Data-driven Journalism: Making News out of Numbers
In 1858, Florence Nightingale took important raw facts and figures and transformed them into graphics, highlighting the health issues faced by the British soldiers in the latrines. Way back then, no one would have termed this data-driven journalism. But today, in the age of Big Data and Wikileaks, we’re actually confronted with this phenomenon on a daily basis, making Nightingale’s 19th century work ever-present.
Behind those facts and figures, there are some truly exciting stories just waiting to be uncovered. Renowned media houses, including The Guardian and The New York Times, have long since recognized this fact and have well-established teams designated especially for data-driven journalism. But what is it exactly that defines this form of journalism? And what does it mean for authors today?
Florence Nightingale’s Diagram on the mortality rates in the British Army. Source:www.theguardian.com
Today, we’ve certainly moved on from the time when dense data sets could only be found in expensive books. The World Wide Web ensures we have constant access to an overwhelming degree of complex data. It’s not just Wikileaks and Offshore Leaks; the Internet is simply swimming with statistics, all democratized and made accessible to the public.
That said, even the most volatile data remains relatively worthless until someone takes the information and sheds light on the facts hidden behind the numbers. This is where data-driven journalism really comes into its own. It’s used to rummage through incomprehensible mountains of facts and figures, searching through Excel tables and statistics, continually on the lookout for the newest and most exciting story.
Starting Point – Data
It goes without saying that statistics have always been used for journalistic research. In classic journalism, however, the statistics are used to support the points made. With data-driven journalism, it’s exactly these statistics that are used as the starting point for the journalistic investigation.

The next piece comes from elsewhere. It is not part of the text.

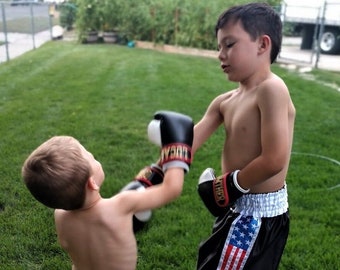 Kids Boxing Gloves 4oz: Perfect for Ages 3T/4T and 5T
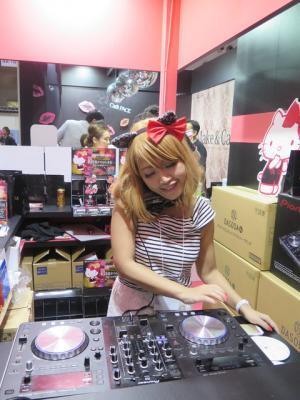 ビューティーワールド2014に個性派コスメ集結。クラブ系からオーガニックまで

In a nutshell, it’s about using data to investigate and develop stories and preparing the new knowledge in the best possible way for the public.
Simon Rogers, Founder of the Guardian’s Data Blog, describes the role of data journalism in this way: “Mostly, we act as the bridge between the data (and those who are pretty much hopeless at explaining it) and the people out there in the real world who want to understand what that story is really about.”
Real Detective Investigations
Anyone who has ever seen raw data sets may very well wonder how they’d provide inspiration for exciting journalism. According to Rogers, remembering to think like a journalist and not like a programmer is what’s key. Remember to ask yourself what’s interesting about the statistics. Is there anything new and special about the info, or what would happen if I combined them with something new?
Discovering the news behind the data sets and revealing these stories in a presentable, understandable way can often prove to be real detective work. For this reason, professional data-driven journalists use technologies such as Data Mining or Web Scraping. Even without these tools, though, tables and data sets can still be used to source exciting news – you’ve just got to keep a few things in mind.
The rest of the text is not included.